Going through the material below, please gather all lines with the word "type" in them.
"""
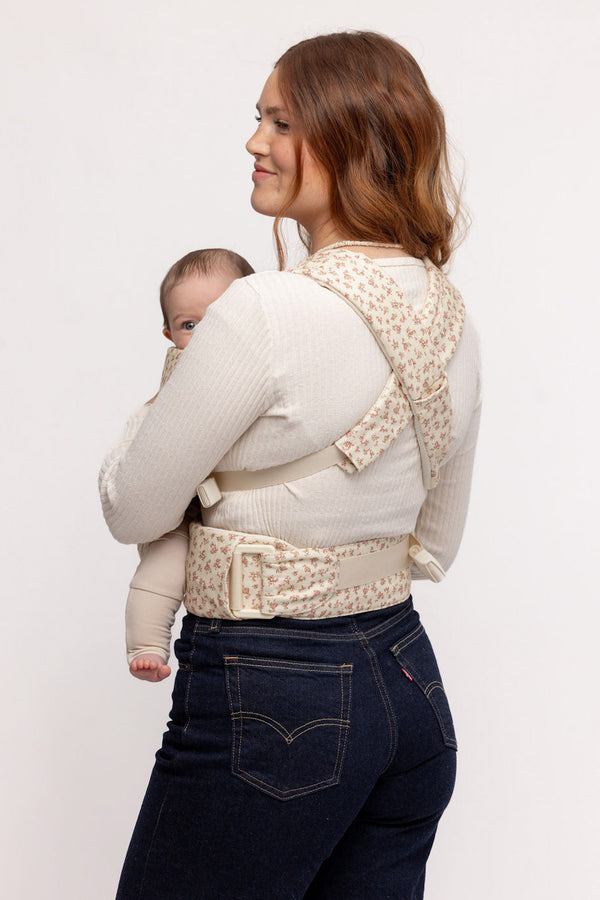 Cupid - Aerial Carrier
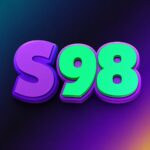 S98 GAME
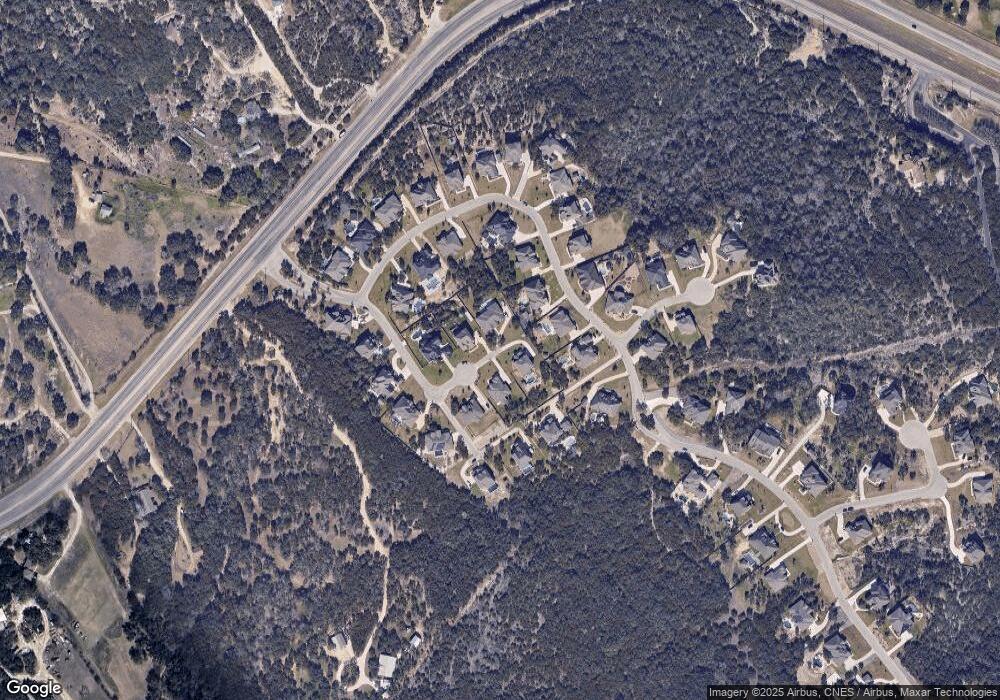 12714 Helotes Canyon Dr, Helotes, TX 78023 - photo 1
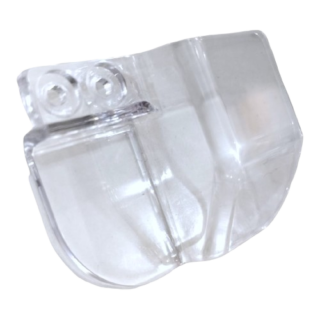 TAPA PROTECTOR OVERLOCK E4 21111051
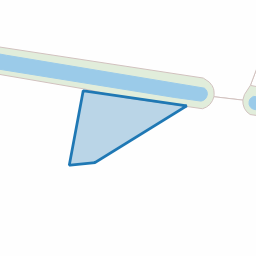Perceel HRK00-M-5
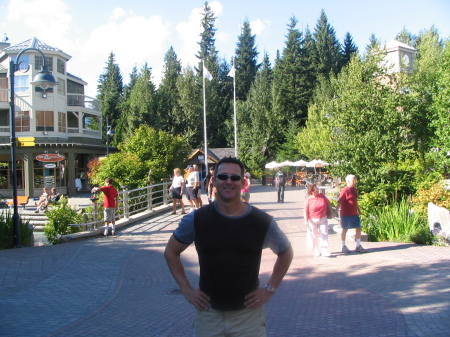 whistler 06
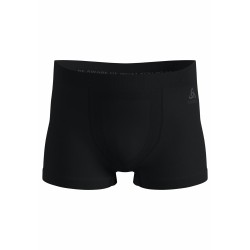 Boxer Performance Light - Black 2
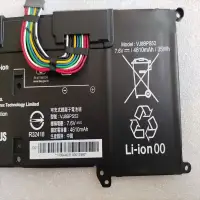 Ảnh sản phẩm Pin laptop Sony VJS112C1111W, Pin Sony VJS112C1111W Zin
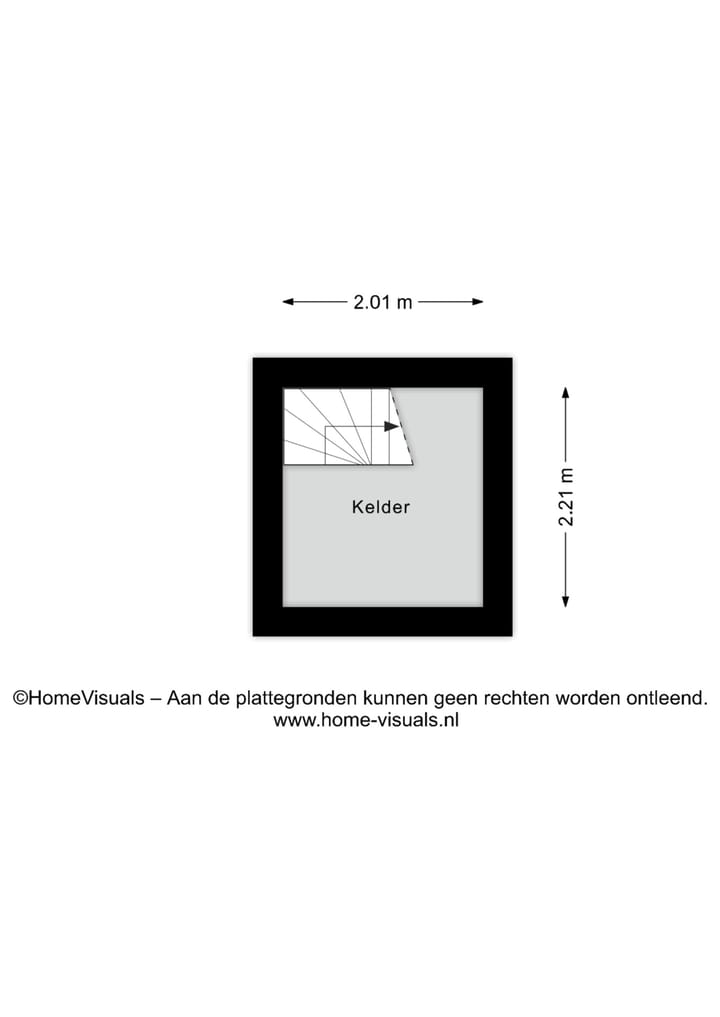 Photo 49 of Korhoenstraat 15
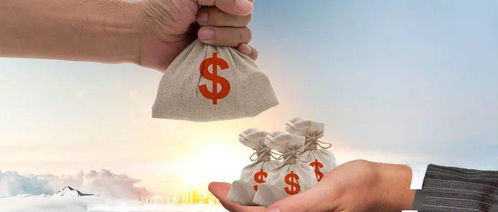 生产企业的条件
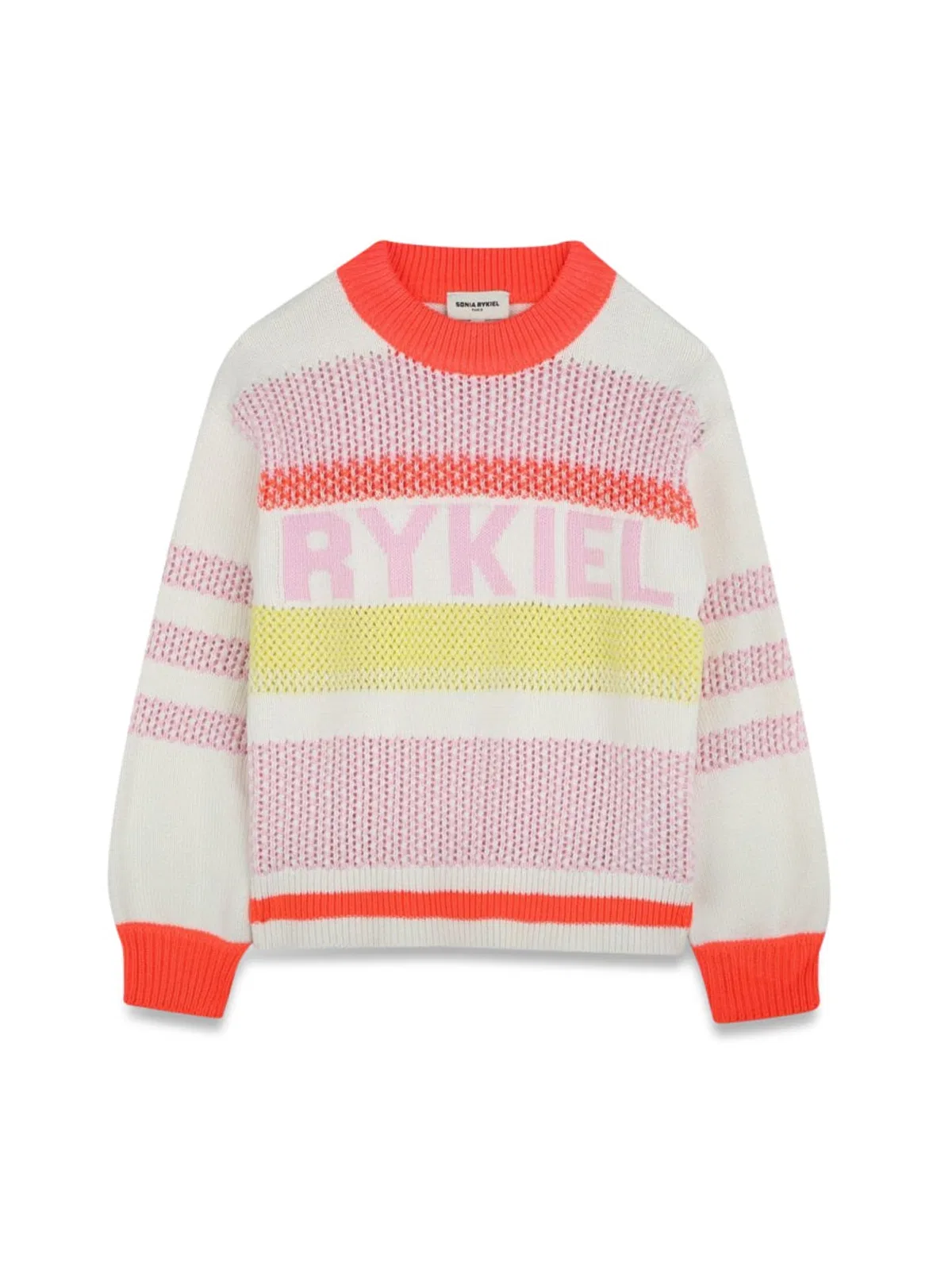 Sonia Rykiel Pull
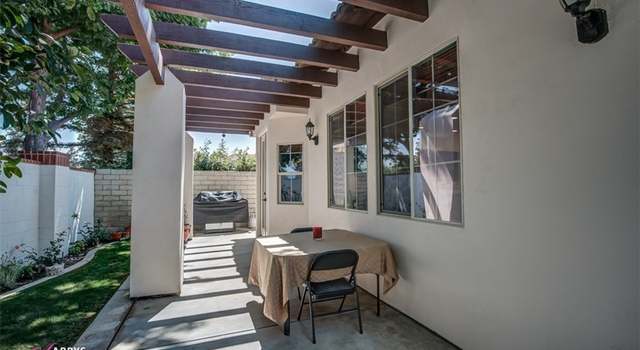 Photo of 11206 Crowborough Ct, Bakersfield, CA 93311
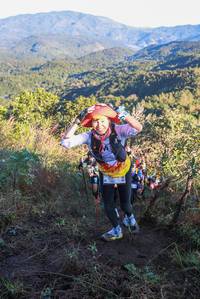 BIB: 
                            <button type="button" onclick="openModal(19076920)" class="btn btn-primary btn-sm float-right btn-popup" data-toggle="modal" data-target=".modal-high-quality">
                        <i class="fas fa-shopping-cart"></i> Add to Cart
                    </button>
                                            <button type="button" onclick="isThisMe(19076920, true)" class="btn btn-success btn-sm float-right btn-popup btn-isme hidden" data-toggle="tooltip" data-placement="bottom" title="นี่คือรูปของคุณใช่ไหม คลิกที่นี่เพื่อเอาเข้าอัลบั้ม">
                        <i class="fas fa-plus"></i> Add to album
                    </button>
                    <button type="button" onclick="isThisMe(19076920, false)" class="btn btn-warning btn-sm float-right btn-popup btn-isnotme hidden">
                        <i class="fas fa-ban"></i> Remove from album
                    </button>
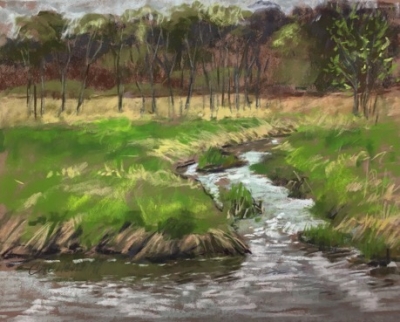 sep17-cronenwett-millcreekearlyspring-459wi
"""
TASK ANSWER
                            <button type="button" onclick="openModal(19076920)" class="btn btn-primary btn-sm float-right btn-popup" data-toggle="modal" data-target=".modal-high-quality">
                                            <button type="button" onclick="isThisMe(19076920, true)" class="btn btn-success btn-sm float-right btn-popup btn-isme hidden" data-toggle="tooltip" data-placement="bottom" title="นี่คือรูปของคุณใช่ไหม คลิกที่นี่เพื่อเอาเข้าอัลบั้ม">
                    <button type="button" onclick="isThisMe(19076920, false)" class="btn btn-warning btn-sm float-right btn-popup btn-isnotme hidden">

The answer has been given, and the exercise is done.